I appreciate the time you took to answere my questions, as I had tried to do a search on a portion of these topics with no luck. (I think I must be doing something wrong on my search inquiry, but I have never had a problem before.) I also new I would get an educated, informed answer from someone, and I did!

Quote:
*Satori* Fundal massage should not be done before the uterus is expelled because if the uterus has not yet fully separated, it can cause fragments to remain. Breastfeeding will release oxytocin which will help the placenta to detach properly. Manual extraction is invasive, painful, and can create complications. Pitocin is a synthetic hormone that can interfere with the ability of the body to create its own hormones.
Quote:
*minkajane* I would like to use breastfeeding and fundal massage to encourage the uterus to expel the placenta before Pitocin and/or manual extraction are considered.
These two statements seem to contradict one another. Is it just a difference of oppionion?

Here is the link you spoke of for anyone else.
http://archive.salon.com/health/feat...tec/index.html

Thank you for the info again, I appreciate it.
post #18 of 23
Thread Starter 
I've never heard of fundal massage causing fragments of the placenta to remain. I've read a lot of hospital birth stories in which the nurses began fundal massage immediately to encourage separation. Satori, do you have links to anything on this topic?
post #19 of 23
Quote:
Originally Posted by minkajane
I've never heard of fundal massage causing fragments of the placenta to remain. I've read a lot of hospital birth stories in which the nurses began fundal massage immediately to encourage separation. Satori, do you have links to anything on this topic?
I didn't say it, fourlittlebirds did I plan on doing fundal massage if the placenta is delayed and there is a lot of bleeding.
post #20 of 23

Kellids... one resource

Go find a copy of Henci Goer's "The Thinking Woman's Guide to a Better Birth."

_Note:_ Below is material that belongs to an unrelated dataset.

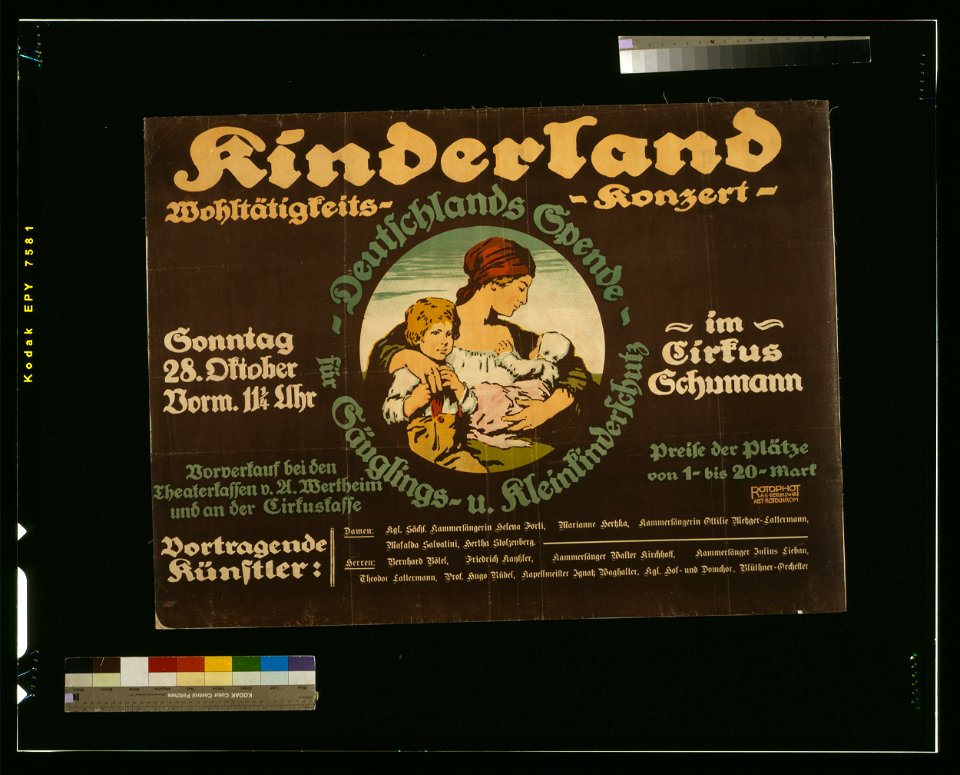 Kinderland Wohltätigkeitskonzert LCCN2004666119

She has a chapter on most of the things you question. Most of them that are things that are done unthinkingly by many practitioners because "they're traditonal" or there's a medical belief that they improve outcomes in some way -- except that they don't, and what they do is make birthing more painful, difficult, and likely to go wrong.

About the artificial rupture of membranes -- Doctors (or midwives) will sometimes break your water to "speed things up" or "get things going." However, if things are going slow, its often because the baby is not optimally positioned, and unbroken water allows baby time and space to move into a better position. Contractions are often harder and more painful after water breaks. And if the water is broken before baby is fully engaged there's the danger of cord prolapse. Ironically, doctors will sometimes try to put the fluid *back* when the water breaks early and the baby is getting distressed. Best to let them break in their own time, when they're ready.